Man kann sich lebhaft vorstellen, welche Verblüffung diese Enthüllung hervorrief, so mancher saß da wie vor den Kopf geschlagen.

Aber keiner protestierte. Nur Schöpflin, der nächste Redner, erklärte, dass er gern zu denen gehöre, die sich so geäußert, doch habe er nicht die Disziplin brechen wollen, sondern sein Mandat hätte er niederlegen wollen. Dass gerade Schöpflin von Mandatniederlegen sprach, entfesselte allgemeines Gelächter, denn man kennt – Schöpflin.

Auf Drängen seiner Freunde suchte zwar Fischer seine Erklärung am andern Tag etwas abzuschwächen, so, dass zwar keine positive Erklärung abgegeben worden sei, er habe aus den Gesprächen die Überzeugung gewonnen usw.

Auch hierüber wurde mit gebührender Heiterkeit quittiert.

Nun ist aber interessant, dass diese Leute, die hier fest entschlossen waren, selbst Disziplinbruch zu begehen, und einen andern deswegen hängen wollen, schon zweimal eklatanten Disziplinbruch verübten.
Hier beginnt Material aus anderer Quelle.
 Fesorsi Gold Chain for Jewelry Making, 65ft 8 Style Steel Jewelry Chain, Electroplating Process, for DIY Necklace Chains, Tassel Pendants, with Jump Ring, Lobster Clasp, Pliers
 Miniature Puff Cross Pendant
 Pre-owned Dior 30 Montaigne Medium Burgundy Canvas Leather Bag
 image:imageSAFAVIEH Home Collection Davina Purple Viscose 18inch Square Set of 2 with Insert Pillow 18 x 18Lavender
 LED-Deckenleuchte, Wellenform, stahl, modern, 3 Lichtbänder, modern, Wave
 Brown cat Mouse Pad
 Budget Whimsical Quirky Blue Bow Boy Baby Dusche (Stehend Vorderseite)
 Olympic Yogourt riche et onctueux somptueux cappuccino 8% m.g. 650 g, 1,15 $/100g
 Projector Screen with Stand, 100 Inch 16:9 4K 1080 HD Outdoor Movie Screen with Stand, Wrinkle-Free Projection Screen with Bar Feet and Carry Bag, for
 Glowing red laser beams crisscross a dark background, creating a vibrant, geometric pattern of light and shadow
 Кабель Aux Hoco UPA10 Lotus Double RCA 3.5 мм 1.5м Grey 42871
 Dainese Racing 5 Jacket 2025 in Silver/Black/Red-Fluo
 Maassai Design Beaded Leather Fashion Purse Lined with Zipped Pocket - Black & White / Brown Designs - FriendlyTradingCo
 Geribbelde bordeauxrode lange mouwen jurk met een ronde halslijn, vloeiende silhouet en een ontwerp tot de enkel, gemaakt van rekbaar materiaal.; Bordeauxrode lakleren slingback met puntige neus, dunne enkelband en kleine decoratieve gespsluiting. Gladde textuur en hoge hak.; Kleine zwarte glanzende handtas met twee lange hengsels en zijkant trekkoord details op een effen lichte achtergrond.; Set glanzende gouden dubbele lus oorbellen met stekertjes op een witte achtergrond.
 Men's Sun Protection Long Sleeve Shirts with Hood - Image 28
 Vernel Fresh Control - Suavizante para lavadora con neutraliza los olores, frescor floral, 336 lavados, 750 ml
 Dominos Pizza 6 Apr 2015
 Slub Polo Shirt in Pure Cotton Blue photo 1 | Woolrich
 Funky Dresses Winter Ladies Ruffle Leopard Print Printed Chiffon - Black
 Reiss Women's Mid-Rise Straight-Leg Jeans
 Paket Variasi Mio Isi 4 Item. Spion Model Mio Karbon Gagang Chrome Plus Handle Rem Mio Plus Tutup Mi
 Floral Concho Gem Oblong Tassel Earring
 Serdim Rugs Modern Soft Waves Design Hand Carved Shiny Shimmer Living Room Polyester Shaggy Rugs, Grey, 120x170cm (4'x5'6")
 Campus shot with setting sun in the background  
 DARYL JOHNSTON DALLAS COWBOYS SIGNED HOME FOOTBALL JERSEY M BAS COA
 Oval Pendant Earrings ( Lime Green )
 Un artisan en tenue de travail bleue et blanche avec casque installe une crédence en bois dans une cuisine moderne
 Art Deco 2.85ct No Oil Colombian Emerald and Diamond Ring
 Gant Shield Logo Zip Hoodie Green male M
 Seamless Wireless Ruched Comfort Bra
Das erste Mal, als sie den sozialdemokratischen Antrag auf Erhöhung der Landbriefträgergehälter dadurch niederzustimmen versuchten, dass sie beim Hammelsprung entgegen dem Fraktionsbeschluss sich weigerten, mit abzustimmen. Dies wurde von Gothein (Fortschrittler) des anderen Tages angenagelt. (Stenographischer Bericht von der 261. und 262. Sitzung.)

Das zweite Mal wurde von derselben Seite Disziplinbruch verübt, als bei Sessionsschluss von der Fraktion beschlossen wurde, beim Kaiserhoch sitzen zu bleiben. Trotz dieses Beschlusses verließen sie unter Keils Führung den Saal. Das war eine direkte Verhöhnung des Fraktionsbeschlusses. Und diese Leute hatten den Mut, gegen Liebknecht das Verdammungsurteil auszusprechen, wegen – Disziplinbruches – und trotzdem [ihnen] in der betreffenden Sitzung ihre eigenen Sünden vorgehalten wurden.

Das ist der Gipfel.

Dieselbe Mehrheit der Fraktion ist sich auch klar darüber, dass die Bewilligung der Kriegskredite konsequenterweise die Bewilligung des Budgets nach sich ziehen muss. Hiergegen gibt es aber ganz bindende Parteitagsbeschlüsse. In Hinsicht auf den „Fall" Liebknecht wagt man diese offene Verhöhnung der Parteitagsbeschlüsse jedoch nicht. Man sucht einen anderen Weg, aus dem Dilemma zu kommen. Kann man Beschlüsse nicht ohne weiteres übertreten, so – hebt man sie einfach auf. Und so besteht tatsächlich die Absicht: Auf einer gemeinsamen Tagung des Parteiausschusses, des Parteivorstandes und der Reichstagsfraktion sollen diese Parteitagsbeschlüsse vorübergehend außer Kraft gesetzt werden. Der nächste Parteitag soll dann Indemnität erteilen. Es ist zwar zu definitiven Schritten noch nicht gekommen, darum ist es aber Zeit, dagegen Front zu machen!

Das fehlte gerade noch, dass die sozialistisch-nationalistisch-imperialistische Mehrheit die Partei einfach vergewaltigt.

Die Arbeiter haben hiergegen auf der Hut zu sein, wenn sie nicht eine neue Überraschung erleben wollen.